Technically Jensen is correct, because most of the crypto video card purchases came through the retail home consumer market. If a cryptominer buys a dozen video cards from ASUS, those cards aren't counted as crypto purchase, they're counted as home consumer purchases, and ASUS, not NVidia, makes the bulk of the bumped-up profit off of those sales.
Contracts to supply video card chips to card manufacturers have different layers. Card manufacturers agree to buy a certain amount at a fixed price and risk, they agree to buy another amount at a mutual risk with the chip manufacturer, and after that they have options to buy more chips if they desire. During the crypto boom both NVidia and AMD sold out all of their contracts and options and their chips were selling on the no-contract wholesale market. In the past the 'no contract' market was for fly-by-night companies that sold weird, cut rate video cards with strange memory and timing configurations, but during the crypto madness everyone from Gigabyte to EVGA was buying as much of the prosumer grade chips as they could get.
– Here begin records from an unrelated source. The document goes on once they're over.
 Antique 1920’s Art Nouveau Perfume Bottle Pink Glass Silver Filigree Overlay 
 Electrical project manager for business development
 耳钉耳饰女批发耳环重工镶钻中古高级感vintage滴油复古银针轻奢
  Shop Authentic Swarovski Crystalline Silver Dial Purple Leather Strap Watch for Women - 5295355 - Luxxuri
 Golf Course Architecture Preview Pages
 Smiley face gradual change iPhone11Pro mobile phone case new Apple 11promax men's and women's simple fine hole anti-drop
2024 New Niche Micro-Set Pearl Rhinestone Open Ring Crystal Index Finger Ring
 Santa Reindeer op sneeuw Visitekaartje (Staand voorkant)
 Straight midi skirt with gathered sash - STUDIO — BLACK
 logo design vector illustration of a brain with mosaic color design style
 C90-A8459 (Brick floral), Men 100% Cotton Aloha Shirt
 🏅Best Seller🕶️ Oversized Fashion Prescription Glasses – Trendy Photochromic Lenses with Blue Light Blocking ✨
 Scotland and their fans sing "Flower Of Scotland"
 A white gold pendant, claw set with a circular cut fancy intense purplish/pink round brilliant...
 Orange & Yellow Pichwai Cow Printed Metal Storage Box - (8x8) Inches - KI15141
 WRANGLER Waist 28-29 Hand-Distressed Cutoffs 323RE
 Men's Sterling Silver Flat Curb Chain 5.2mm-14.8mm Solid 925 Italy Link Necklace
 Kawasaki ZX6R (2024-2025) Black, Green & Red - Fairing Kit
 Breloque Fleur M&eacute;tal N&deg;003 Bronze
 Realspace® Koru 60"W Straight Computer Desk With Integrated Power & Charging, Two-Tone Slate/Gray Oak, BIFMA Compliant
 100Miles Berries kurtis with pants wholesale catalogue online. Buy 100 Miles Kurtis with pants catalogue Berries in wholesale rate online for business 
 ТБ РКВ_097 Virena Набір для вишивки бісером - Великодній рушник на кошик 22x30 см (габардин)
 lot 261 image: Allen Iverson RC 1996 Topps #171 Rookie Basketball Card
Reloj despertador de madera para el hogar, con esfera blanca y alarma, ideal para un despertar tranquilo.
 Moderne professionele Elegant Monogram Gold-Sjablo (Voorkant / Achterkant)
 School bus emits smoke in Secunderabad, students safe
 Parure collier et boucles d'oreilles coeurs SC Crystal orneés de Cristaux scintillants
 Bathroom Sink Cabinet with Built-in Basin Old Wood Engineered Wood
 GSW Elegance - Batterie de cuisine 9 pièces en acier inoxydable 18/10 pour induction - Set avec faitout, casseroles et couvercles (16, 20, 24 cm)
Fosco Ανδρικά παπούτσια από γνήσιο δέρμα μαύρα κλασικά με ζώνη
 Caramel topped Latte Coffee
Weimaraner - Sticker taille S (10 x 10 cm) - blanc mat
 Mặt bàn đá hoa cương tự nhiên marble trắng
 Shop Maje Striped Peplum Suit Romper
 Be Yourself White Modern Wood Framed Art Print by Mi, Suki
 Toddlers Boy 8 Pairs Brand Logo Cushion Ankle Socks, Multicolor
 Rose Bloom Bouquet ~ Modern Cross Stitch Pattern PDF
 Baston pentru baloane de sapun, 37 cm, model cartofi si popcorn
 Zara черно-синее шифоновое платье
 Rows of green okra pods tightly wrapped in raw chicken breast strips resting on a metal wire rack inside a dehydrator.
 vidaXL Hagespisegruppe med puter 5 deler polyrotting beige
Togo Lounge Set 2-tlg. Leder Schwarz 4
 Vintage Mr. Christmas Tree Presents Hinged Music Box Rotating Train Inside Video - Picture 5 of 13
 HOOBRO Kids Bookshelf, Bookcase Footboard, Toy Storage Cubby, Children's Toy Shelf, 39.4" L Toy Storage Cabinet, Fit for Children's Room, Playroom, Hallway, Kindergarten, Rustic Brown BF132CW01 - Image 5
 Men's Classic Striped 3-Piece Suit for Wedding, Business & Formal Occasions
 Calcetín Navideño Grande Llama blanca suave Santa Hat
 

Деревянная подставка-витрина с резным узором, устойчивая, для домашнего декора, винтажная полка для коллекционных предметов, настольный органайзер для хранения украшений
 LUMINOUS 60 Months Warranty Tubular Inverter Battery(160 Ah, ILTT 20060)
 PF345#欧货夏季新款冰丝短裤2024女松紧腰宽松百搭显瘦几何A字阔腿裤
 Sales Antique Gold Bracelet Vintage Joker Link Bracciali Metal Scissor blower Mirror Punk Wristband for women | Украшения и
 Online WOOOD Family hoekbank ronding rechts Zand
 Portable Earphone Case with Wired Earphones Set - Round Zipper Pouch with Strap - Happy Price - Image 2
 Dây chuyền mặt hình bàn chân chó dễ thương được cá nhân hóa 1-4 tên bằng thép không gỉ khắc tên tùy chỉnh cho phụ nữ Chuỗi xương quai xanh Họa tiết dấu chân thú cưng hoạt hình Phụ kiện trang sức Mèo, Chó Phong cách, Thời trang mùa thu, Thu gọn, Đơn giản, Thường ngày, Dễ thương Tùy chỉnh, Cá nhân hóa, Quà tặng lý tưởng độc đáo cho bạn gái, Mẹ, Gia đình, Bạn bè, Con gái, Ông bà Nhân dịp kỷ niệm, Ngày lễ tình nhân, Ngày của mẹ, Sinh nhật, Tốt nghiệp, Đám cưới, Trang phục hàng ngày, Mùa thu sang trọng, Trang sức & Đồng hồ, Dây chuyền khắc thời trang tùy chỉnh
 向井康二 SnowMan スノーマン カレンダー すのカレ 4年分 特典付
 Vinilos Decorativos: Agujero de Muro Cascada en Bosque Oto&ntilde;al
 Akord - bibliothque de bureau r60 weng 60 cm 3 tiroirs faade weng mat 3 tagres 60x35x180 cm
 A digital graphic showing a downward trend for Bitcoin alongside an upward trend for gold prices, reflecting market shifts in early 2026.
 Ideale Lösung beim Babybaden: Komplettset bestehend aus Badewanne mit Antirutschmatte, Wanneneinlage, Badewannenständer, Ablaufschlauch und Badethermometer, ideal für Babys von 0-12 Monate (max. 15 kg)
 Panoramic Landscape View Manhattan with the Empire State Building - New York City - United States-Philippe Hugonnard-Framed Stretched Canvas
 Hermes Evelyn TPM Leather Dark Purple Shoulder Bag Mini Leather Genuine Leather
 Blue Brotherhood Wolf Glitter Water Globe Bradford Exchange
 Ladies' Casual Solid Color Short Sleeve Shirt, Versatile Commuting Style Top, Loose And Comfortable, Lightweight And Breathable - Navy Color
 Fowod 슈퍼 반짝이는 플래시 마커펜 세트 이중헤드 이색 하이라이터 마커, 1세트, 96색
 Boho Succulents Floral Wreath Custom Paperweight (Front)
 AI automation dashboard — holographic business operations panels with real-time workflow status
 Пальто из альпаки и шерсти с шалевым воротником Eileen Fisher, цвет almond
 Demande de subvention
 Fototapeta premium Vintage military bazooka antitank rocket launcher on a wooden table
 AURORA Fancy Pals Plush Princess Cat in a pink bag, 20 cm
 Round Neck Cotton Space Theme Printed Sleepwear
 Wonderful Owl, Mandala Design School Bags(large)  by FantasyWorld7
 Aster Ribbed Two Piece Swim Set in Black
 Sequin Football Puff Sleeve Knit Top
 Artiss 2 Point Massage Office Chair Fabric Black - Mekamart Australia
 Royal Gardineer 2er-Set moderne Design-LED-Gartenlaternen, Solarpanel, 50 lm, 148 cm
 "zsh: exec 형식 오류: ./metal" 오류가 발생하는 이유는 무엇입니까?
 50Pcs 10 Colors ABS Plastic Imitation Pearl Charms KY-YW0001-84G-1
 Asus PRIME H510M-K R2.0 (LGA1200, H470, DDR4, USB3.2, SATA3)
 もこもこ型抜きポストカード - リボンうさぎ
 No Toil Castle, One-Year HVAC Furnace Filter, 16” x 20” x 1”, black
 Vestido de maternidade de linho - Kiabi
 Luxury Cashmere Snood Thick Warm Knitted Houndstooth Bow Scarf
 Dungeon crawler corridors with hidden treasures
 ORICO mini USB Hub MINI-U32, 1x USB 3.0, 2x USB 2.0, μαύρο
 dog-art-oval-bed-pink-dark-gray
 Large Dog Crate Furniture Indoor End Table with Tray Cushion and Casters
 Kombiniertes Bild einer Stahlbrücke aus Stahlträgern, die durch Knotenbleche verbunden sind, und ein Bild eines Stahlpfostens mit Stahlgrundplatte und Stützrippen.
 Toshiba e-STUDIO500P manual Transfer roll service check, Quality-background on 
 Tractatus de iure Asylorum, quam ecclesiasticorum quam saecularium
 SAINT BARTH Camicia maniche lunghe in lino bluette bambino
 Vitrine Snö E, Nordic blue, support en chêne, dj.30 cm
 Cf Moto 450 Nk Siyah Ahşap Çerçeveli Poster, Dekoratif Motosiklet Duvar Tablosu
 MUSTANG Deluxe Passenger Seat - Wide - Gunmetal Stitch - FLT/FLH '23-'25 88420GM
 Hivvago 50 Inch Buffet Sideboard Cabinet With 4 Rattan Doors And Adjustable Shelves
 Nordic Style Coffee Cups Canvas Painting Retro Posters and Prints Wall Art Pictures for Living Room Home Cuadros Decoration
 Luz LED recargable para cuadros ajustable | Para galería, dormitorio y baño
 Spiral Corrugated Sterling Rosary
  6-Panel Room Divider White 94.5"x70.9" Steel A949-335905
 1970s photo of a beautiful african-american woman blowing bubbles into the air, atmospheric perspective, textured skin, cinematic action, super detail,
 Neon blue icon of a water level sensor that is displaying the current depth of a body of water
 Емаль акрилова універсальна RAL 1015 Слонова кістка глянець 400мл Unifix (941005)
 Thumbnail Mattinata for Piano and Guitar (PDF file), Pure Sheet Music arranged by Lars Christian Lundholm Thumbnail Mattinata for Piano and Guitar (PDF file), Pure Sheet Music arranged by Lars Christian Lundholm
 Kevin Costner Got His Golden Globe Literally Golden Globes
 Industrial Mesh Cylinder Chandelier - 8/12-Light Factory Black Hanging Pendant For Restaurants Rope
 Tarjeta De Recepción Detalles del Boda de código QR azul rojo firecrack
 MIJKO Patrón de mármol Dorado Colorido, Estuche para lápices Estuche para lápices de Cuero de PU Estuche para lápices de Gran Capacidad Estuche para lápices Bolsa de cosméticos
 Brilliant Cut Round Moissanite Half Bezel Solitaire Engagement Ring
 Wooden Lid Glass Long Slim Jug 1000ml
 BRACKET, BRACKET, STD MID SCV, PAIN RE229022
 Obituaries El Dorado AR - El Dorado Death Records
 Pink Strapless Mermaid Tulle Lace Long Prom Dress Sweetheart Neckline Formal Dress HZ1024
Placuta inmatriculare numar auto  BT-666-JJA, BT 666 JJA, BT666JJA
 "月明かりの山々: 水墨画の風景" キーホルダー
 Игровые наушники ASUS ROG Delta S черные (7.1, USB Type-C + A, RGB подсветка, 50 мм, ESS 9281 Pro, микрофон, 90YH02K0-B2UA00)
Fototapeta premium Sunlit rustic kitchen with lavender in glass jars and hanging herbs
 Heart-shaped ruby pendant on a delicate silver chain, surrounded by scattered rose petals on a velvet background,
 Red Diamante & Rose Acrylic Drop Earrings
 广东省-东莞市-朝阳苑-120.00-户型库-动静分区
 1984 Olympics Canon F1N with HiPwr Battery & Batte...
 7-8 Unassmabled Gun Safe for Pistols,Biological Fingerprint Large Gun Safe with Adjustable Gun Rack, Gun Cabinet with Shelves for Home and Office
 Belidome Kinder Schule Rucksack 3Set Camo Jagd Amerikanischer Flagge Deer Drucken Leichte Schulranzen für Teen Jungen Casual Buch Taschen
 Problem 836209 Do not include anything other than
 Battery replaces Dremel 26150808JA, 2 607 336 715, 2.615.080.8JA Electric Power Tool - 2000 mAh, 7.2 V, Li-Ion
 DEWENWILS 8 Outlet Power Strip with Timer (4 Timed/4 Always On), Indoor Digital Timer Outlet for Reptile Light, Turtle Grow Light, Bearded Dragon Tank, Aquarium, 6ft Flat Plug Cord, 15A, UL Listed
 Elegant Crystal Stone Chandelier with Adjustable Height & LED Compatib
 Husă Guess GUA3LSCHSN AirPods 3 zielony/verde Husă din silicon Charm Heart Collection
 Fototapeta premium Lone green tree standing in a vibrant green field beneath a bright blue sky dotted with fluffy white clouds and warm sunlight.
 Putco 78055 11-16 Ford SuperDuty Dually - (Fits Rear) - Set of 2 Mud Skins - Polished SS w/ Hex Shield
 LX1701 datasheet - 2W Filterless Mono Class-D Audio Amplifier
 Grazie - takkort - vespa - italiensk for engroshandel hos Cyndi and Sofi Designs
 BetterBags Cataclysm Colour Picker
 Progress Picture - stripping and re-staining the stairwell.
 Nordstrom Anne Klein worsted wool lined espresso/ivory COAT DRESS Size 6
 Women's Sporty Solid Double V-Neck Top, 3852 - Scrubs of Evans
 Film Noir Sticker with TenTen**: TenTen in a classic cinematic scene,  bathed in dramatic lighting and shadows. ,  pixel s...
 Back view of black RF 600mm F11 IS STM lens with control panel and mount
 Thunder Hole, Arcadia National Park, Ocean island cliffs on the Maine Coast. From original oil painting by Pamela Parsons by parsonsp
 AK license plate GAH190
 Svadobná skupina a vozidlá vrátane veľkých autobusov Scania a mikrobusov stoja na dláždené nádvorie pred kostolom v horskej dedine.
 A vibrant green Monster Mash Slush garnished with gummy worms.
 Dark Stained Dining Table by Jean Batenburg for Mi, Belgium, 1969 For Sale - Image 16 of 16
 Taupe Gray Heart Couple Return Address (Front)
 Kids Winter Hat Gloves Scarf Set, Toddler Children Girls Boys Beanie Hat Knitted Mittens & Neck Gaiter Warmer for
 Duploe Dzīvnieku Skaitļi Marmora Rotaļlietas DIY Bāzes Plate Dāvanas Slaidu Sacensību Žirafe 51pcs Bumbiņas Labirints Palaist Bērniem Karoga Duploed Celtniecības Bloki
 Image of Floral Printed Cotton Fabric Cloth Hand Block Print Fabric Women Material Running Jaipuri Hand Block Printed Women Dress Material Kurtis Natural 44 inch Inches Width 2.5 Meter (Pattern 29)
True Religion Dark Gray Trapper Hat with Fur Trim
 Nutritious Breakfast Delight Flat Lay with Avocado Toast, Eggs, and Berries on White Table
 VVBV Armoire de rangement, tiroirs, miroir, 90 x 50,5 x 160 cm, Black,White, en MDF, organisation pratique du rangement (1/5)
Because AMD had the better cryptocurrency video card, AMD's video card prices during the crypto craze were far beyond their competitive value as a consumer grade video card. When the crypto craze started to burn out NVidia was already winding down some of their production in preparation for the RTX 2XXX launch, but AMD wasn't. They had no reason to, they had made their money and were up on their profit projections. Since they had no new cards in the pipeline, their options were to make as much good/great money for as long as possible and then limp along until they had new product, or make only average money because they cut production, and then limp along until they had new product. If I understand it correctly, all the money lost to overstock is on the card suppliers, not AMD.